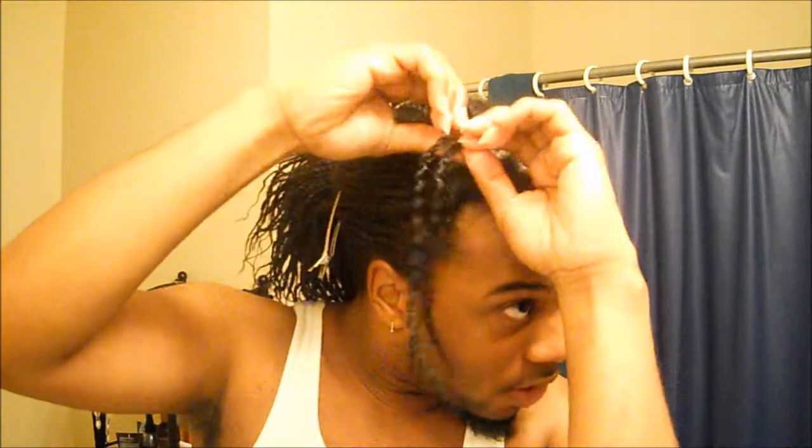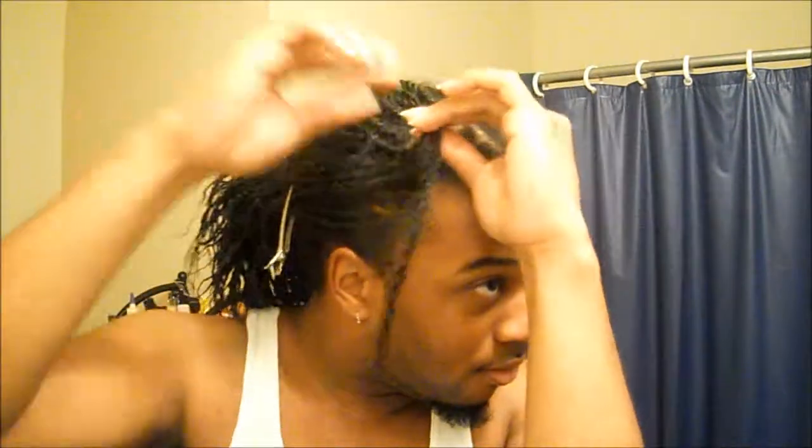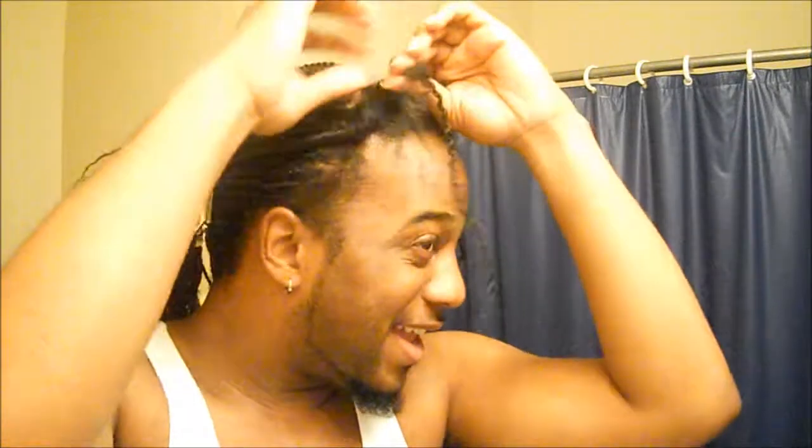This is going to be a long video. All I do is snip the very ends of the cakey twists off just to make it easier to separate, and then I just separate it up to the braid and work it out with my fingers. I have nails so that makes it easy to take them down. If you are using your nails, make sure you file your nails down because if you have any splits or breaks in your nails, it will snag your hair and rip and tear at your hair, so be careful.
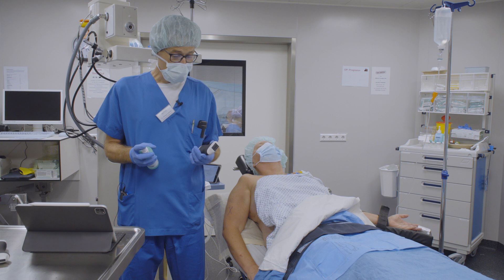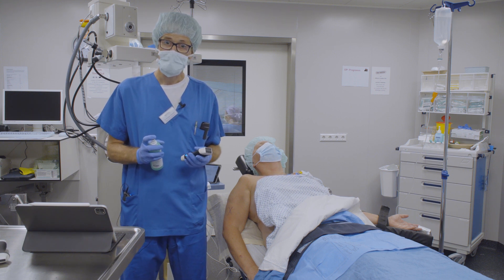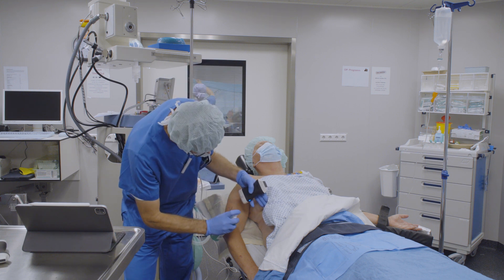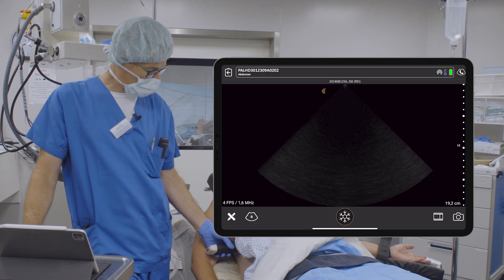In order to demonstrate this, I will quickly assess the diaphragmatic function before the interscalene block. I do this in an abdomen preset. Jetzt wird's mal kurz ein bisschen kalt. I put the probe on. The marker is directed towards the mattress.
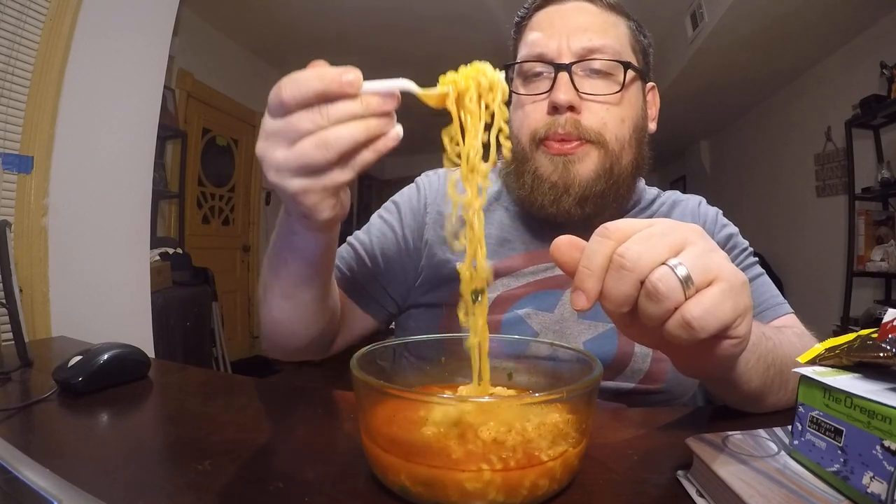The noodles have that proper chew, that proper bite to them. They're not mushy when you bite them — they have a nice clean bite right through. Mmm, there's a little bit of beef there. For freeze-dried beef, it does give you a nice meaty flavor. As far as soupy-based ramens go, this one probably has the most meaty flavor out of anything I've ever had. I've had ones that are fishier or spicier, but for that salty, meaty flavor, this one is the best I've ever had.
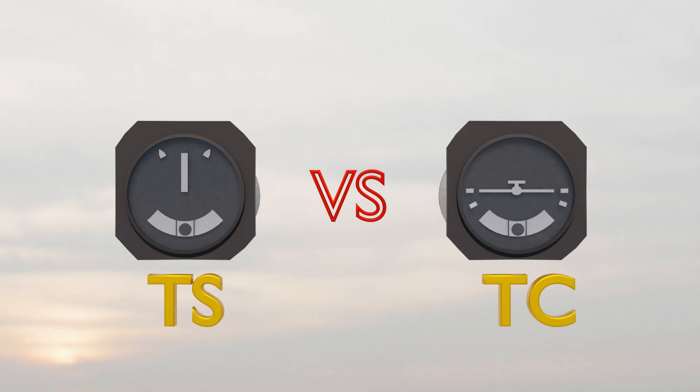Hey, it's Mario from Piloteffect.com. Let's go. Turn and Slip Indicator vs. Turn Coordinator.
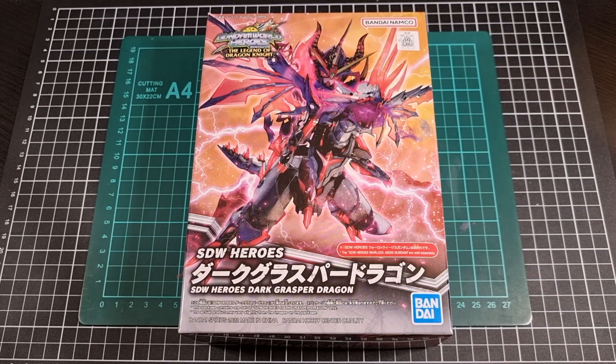Hello everyone, I hope you're taking it easy and your day has been great thus far. For this video we'll be going through an unboxing of the Dark Grasper Dragon. This particular Dark Grasper Dragon is from the Gundam SDW World Heroes line, also the SDW Heroes, with the particular subline of The Legend of the Dragon Knight. This kit was released this year, 2022, at least for a few more days.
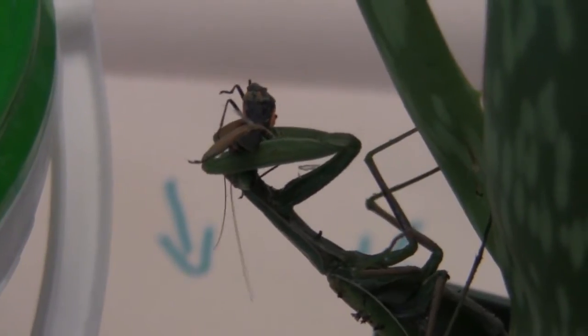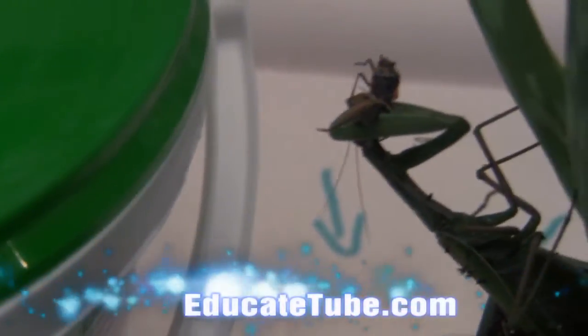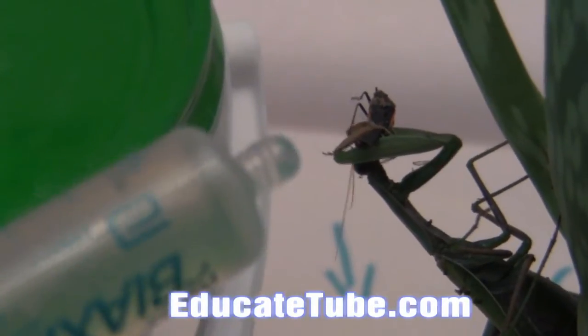She got it! Praying mantis — now she's eating the bug I gave her. So that's how you do it: you feed her by carrying the live insect with forceps, give it to her, and she'll just grab it. And of course diluted honey as well, in the syringe.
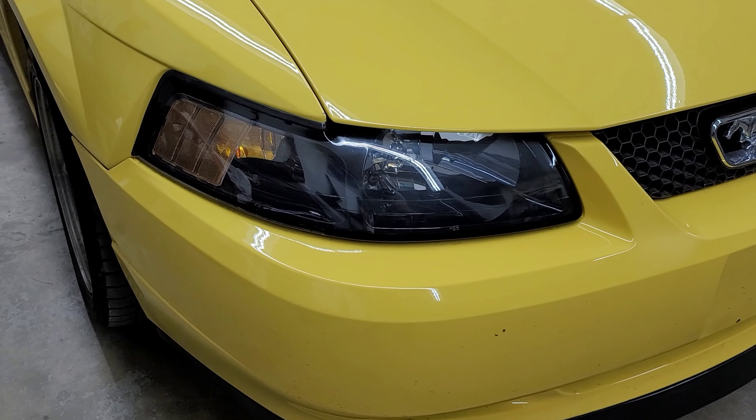Alright everybody, so this is what the headlights look like now. You can see they look all foggy and flat — there's no finish. I started with 400, then went to 600, then to 800, then to 1500, and I gently went over with 2000 on the DA. You can take a look — there's no more calcium buildup, there's no more old clear coat.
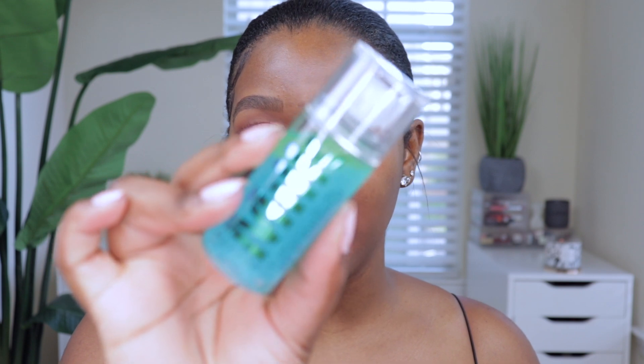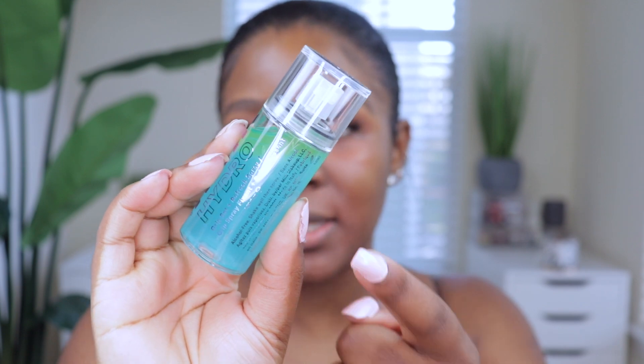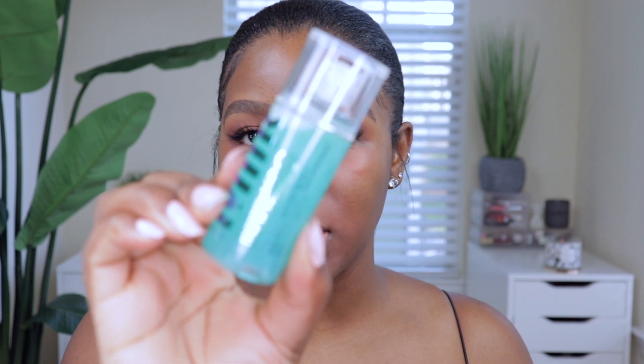If you're interested make sure you like, subscribe, and let's jump right into the video. I want to show you guys the packaging up close so you can get a really good feel of it. I love the blue color and I do notice that the blue and the green kind of separate, so I'll shake that up because I think you need to shake it before you spray it on your face.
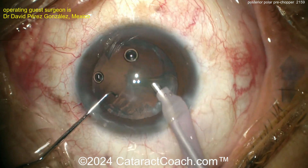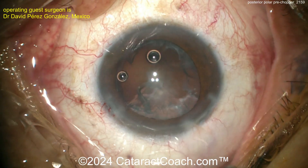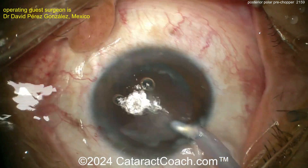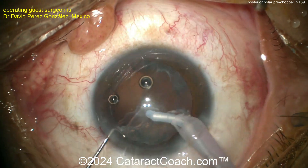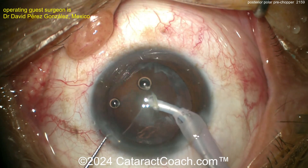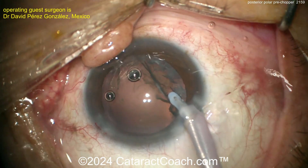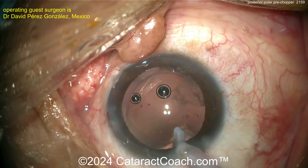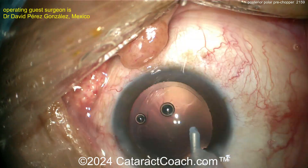At this point you may want to switch to the IA probe, or try visco-dissection, which can be very helpful. Get out all the cortex other than the posterior polar opacity first — save that area for last. Don't go crazy polishing; oftentimes it'll come up and be released on its own. Get the peripheral cortex at the capsular bag equator first, and then that posterior opacity usually just comes off by itself.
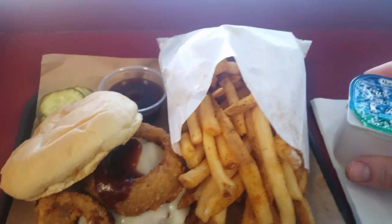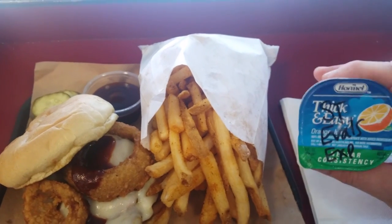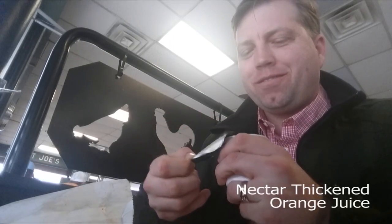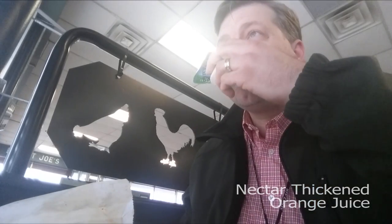Hey guys, I'm so excited to have my Z-Man sandwich with a side of nectar-consistent, thick and easy. Not too bad.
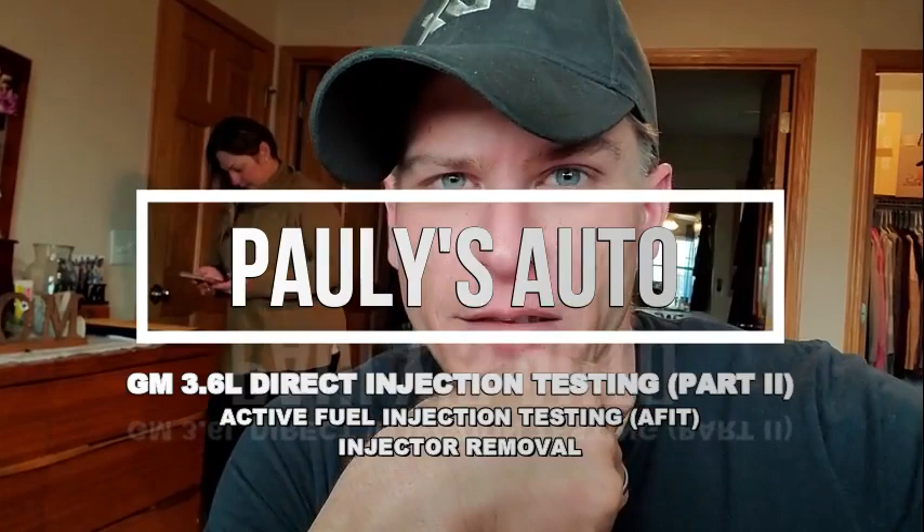Welcome to part two. We're going to jump into the AFIT testing, and then I'm going to roll the repair — the removal and installation of these injectors. It was a process filming all that. It's a lot harder to film the repairs in my opinion, so mad respect to those guys out there that do that stuff. Hope you guys enjoy it, let's get into it.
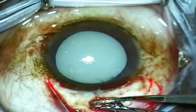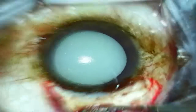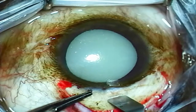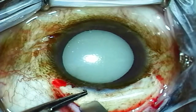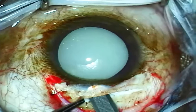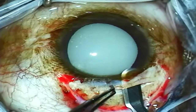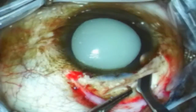Here I've made a conjunctival peritomy superiorly and then used some electric cautery. Next I'm using a crescent blade to measure a few millimeters back from the limbus and then create a frown-type incision. The creation of this incision is very important to ensure that the wound is self-sealing. The crescent blade is used to dissect into the clear cornea, and this incision is wider internally than externally, which helps to seal the incision at the end of surgery.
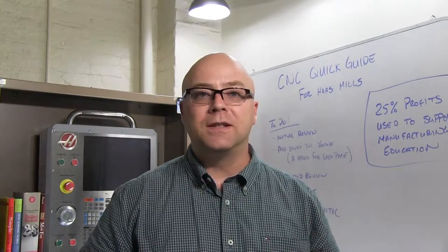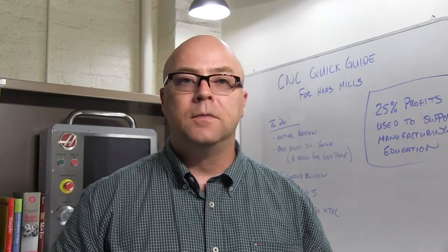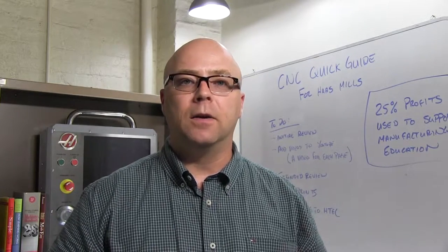As a self-taught machinist, I know that there are things that I say and do that are different from the things that you know and do. So I need your help. Please download a review copy of the Quick Guide and give me feedback that will make it better.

- - - -

Write out, word for word, the stretch of entries that begins at the line with "Hey, it's Mario" and ends at the line with "Hello everyone, I". Pictures do not belong in it.

Hey, it's Mario from Piloteffect.com. Let's go. Turn and Slip Indicator vs. Turn Coordinator.
Hello everyone, I hope you're taking it easy and your day has been great thus far. For this video we'll be going through an unboxing of the Dark Grasper Dragon. This particular Dark Grasper Dragon is from the Gundam SDW World Heroes line, also the SDW Heroes, with the particular subline of The Legend of the Dragon Knight. This kit was released this year, 2022, at least for a few more days.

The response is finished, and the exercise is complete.